Italian Motorcycles

Today in Motorcycle History

Moto Major

Moto Major

A Brief History of an Extraordinary Machine

First seen at the Fiera di Primavera di Milano (Milan Spring Fair) of 1947, the motorcycle was built in prototype form only and did not achieve production. It had a single-cylinder OHV 350cc engine and was fully faired. The machine was designed by the aeronautical engineer Salvatore Majorca, who worked with Fiat specialising in landing gear for aircraft before WWII, and was built in Turin at the Aeritalia workshops of the Fiat group.

It has hub-centre steering, and the wheel rims are mounted to the hubs using rubber blocks in an unconventional approach to suspension. Bench-tested to a simulated a distance of 40,000 km, the system proved very durable.

A water-cooled twin was planned for the project, and the elegant design incorporated dual fish-tail exhausts. When they decided to opt for a single cylinder engine dual exhausts were retained.
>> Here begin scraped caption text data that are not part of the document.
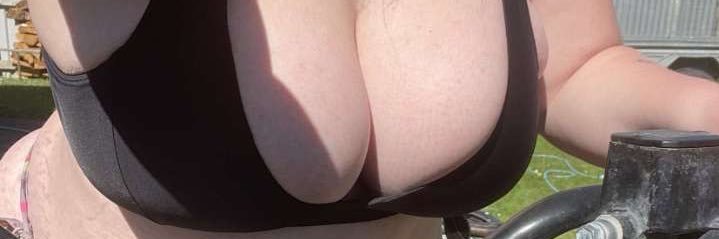onlysage420's profile banner image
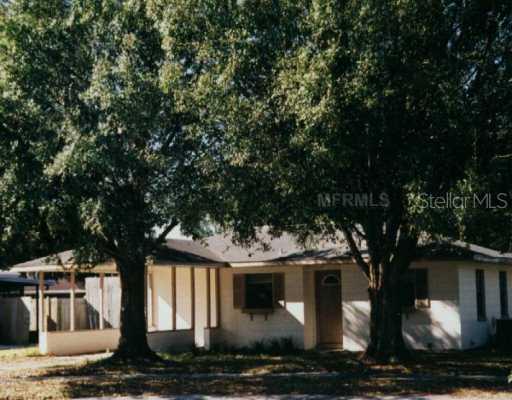 903 Kerry Blvd., Winter Haven, FL 33880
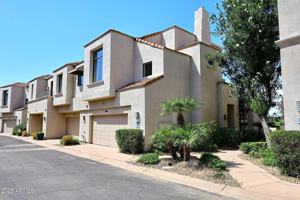 featured image of 8989 N Gainey Center Dr #211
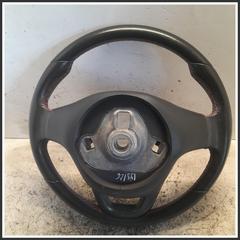 Immagine di Volanti Sterzo LANCIA Ypsilon III 71771921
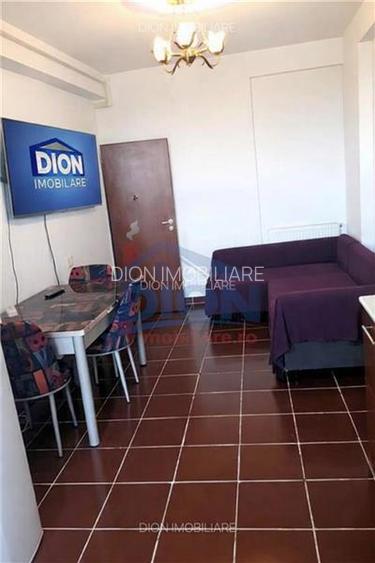 Prel Ghencea 45 LATIN mult sub pretul pietei 56 mp! - 4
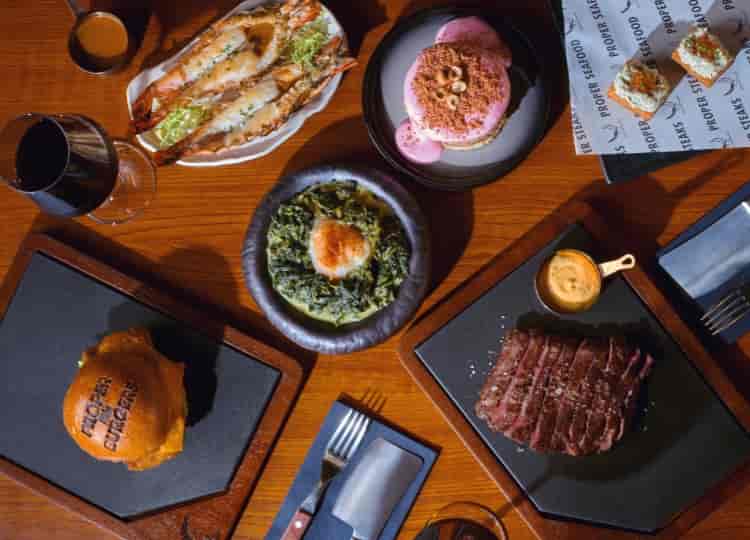 SGD 100 Cash Voucher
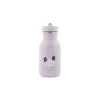 Petite gourde Souris - Trixie
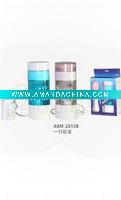 Wholesale Male Masturbation Toys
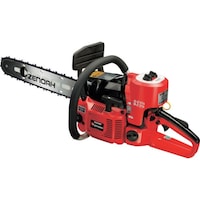 �[�m�A�@�q�b�U�Q�O�O�c�o�|�P�U�i���؋@�j�@�b�q�U�Q�O�U�`�@�P��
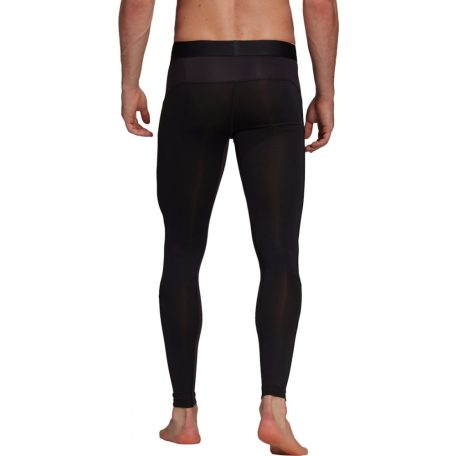 adidas TF Long Tight hosszú alánadrág, L-es méret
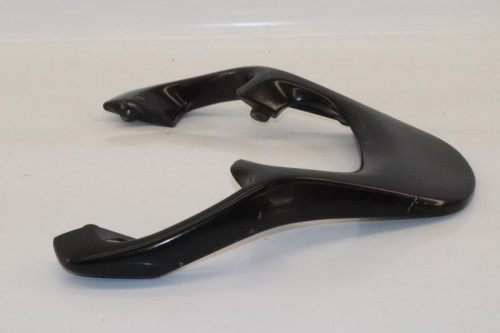 Poignee arriere YAMAHA 850 TDM 1991 - 1995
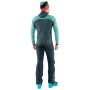 Herrenjacke Dynafit Tour Wool Thermal M Hoody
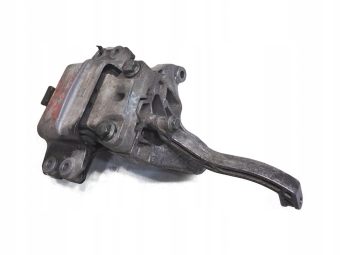 ŁAPA PODUSZKA SKRZYNI AUDI A3 8P 1.9 TDI 1K0199555M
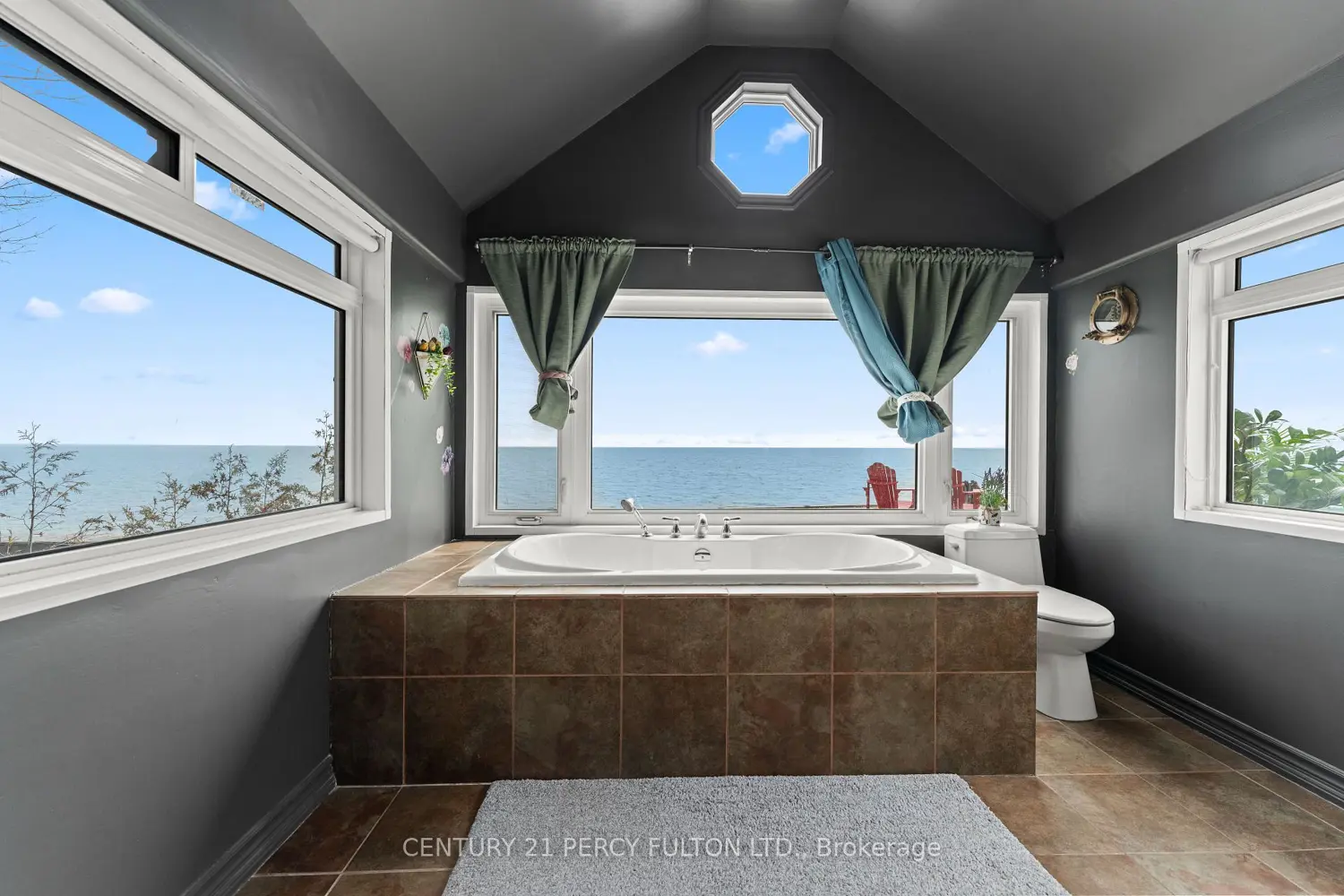 127 Cedar Crest Beach Road photo 4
The engine was designed and assembled by Angelo Blatto, an engineer of considerable repute.

The 350cc engine was fan-cooled, had a dry clutch and a four-speed gearbox with a foot-operated gear shift. Final drive is by cardan shaft.

The Moto Major is regarded as an iconic example of motorcycle history, and was far ahead of its time. The sole example was first displayed outside Italy at the Zweirad Museum, Neckarsulm, during a special exhibition in 2017.